Google is a search company. It's a cloud company. It's a subscription services company. And, as is becoming increasingly obvious, Google is the world's largest open-source company.
Tim O'Reilly has been telling us this for years, but it wasn't until I read this brilliant Keir Thomas article that I appreciated the clarity of O'Reilly's vision.
As Thomas writes, Google is the antithesis of Microsoft. Where Microsoft is closed, Google is open. Where Microsoft is limiting, Google is expansive. Where Microsoft is desktop, Google is the Web.
Microsoft has a problem, and it's this: Its entire business model is built around discrete computers running discrete applications....
The key thing about online applications [like Google] is that they are platform agnostic....Open source doesn't require licensing fees, and is like a double-jointed Russian gymnast: It's flexible. Really flexible. This puts it in a far better position to provide a platform for the new platform agnostic online world.
Chrome (technically Google Chromium) is open source because it makes no sense for Google to lock-down software to one hardware platform or architecture. The platform no longer matters in the Google universe, and this perhaps is the biggest difference between the Microsoft and Google philosophies. Microsoft needs you to keep you using Windows and an x86 platform.
Google [doesn't] care what computer or platform you use, and is actively encouraging you to be eclectic in your choice. Microsoft's approach is all about restriction. Google's approach is all about freedom.
In short, Google can afford to give away everything that makes Microsoft valuable. Everything. How can Microsoft hope to compete, except by trying to tether the online experience to its legacy desktop?
This is a good strategy...for now. It takes a lot of time for industries to change, and it's very possible that not all enterprise applications will successfully migrate to the cloud, as Dan Woods posits.

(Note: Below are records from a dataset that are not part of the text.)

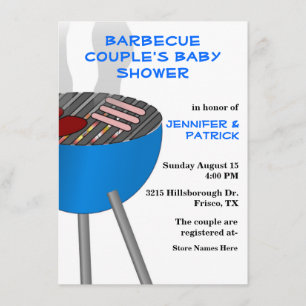 Barbecue Themed Couple's Baby Shower Invitation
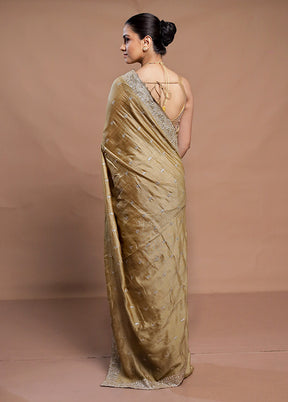 Golden Tussar Silk Saree With Blouse Piece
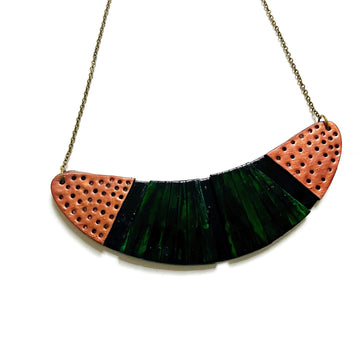 Emerald Green Statement Necklace with Black & Copper Accents - Velora Luxury Fashion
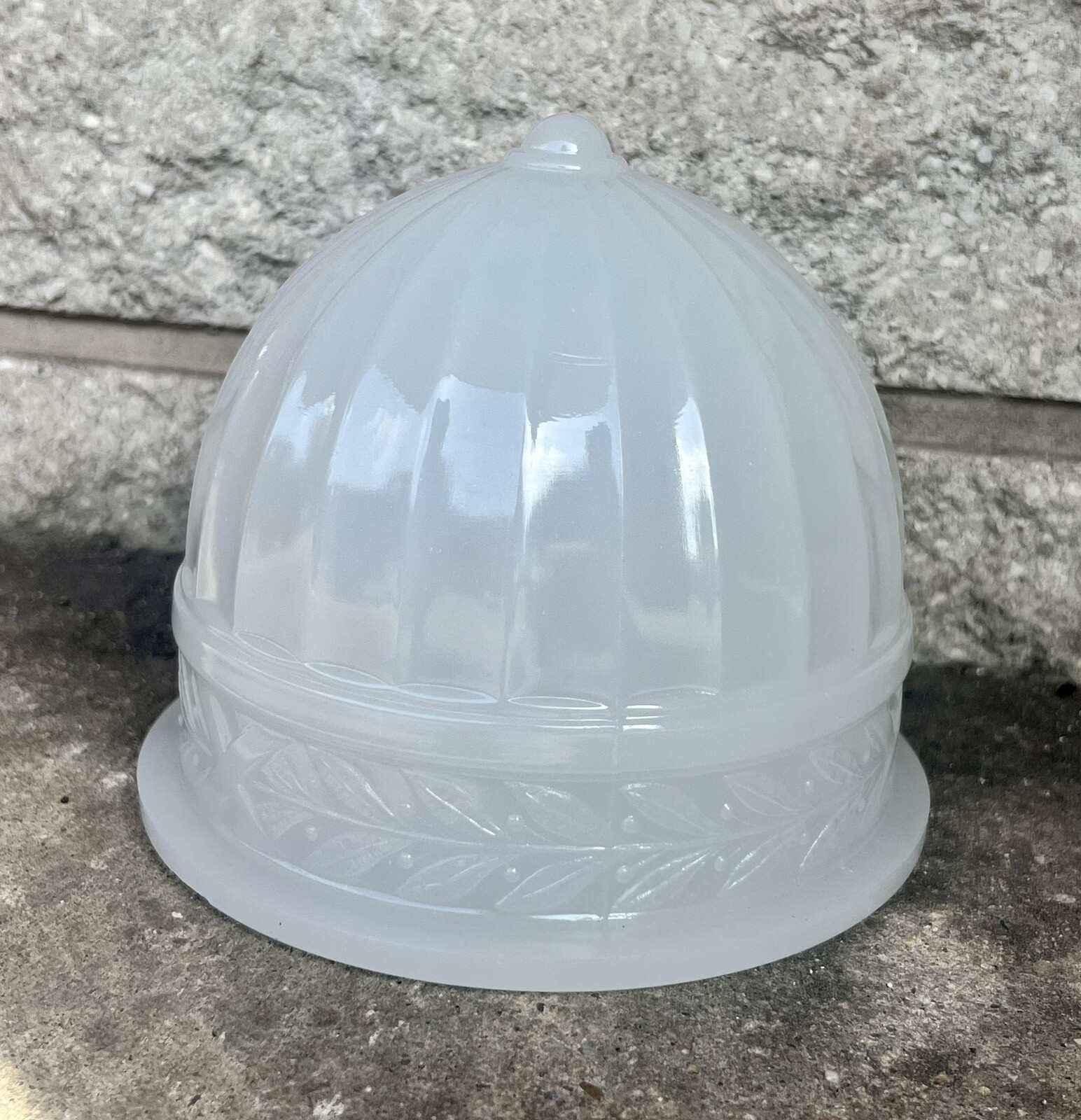 Antique Chandelier Light Globe Shade Heavy Milk Glass Berry Leaf Trim 5.75” Fit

As such, enterprises will stick with Microsoft and on-premise deployment of software for many years to come.
But that phase in our industry's history will end. Already, as Chris Nuttall notes in the Financial Times, "the inevitable primacy of the browser and web applications is becoming clear."
Google, creator of some of the best of such Web applications, is the quintessential open-source company. It can afford to open all of its code, even if today it does not, because Google isn't selling code, and it can derive significant benefit from extensions to its online services through open-source development. Open platforms, as venture capitalist Fred Wilson suggests, are the future.

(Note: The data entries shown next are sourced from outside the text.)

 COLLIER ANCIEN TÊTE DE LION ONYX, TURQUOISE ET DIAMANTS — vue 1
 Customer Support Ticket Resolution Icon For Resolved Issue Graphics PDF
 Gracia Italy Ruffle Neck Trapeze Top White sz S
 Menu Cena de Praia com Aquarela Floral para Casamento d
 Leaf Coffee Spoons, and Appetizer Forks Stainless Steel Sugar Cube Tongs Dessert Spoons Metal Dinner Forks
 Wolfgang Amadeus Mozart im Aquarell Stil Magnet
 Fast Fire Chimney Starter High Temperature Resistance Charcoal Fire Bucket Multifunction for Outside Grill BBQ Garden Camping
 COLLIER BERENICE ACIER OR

Google, in short, is what open source wants to be when it grows up. It illustrates what a true services company looks like: not support and other old-world services, but instead Web services. Most open-source companies only strive toward this goal. Google has fulfilled it.
The writing is on the wall, and that writing says that Microsoft and its model is dead. Google has killed it. Unless we're careful, however, Microsoft won't be the only casualty. Anyone hoping to monetize software directly is at risk.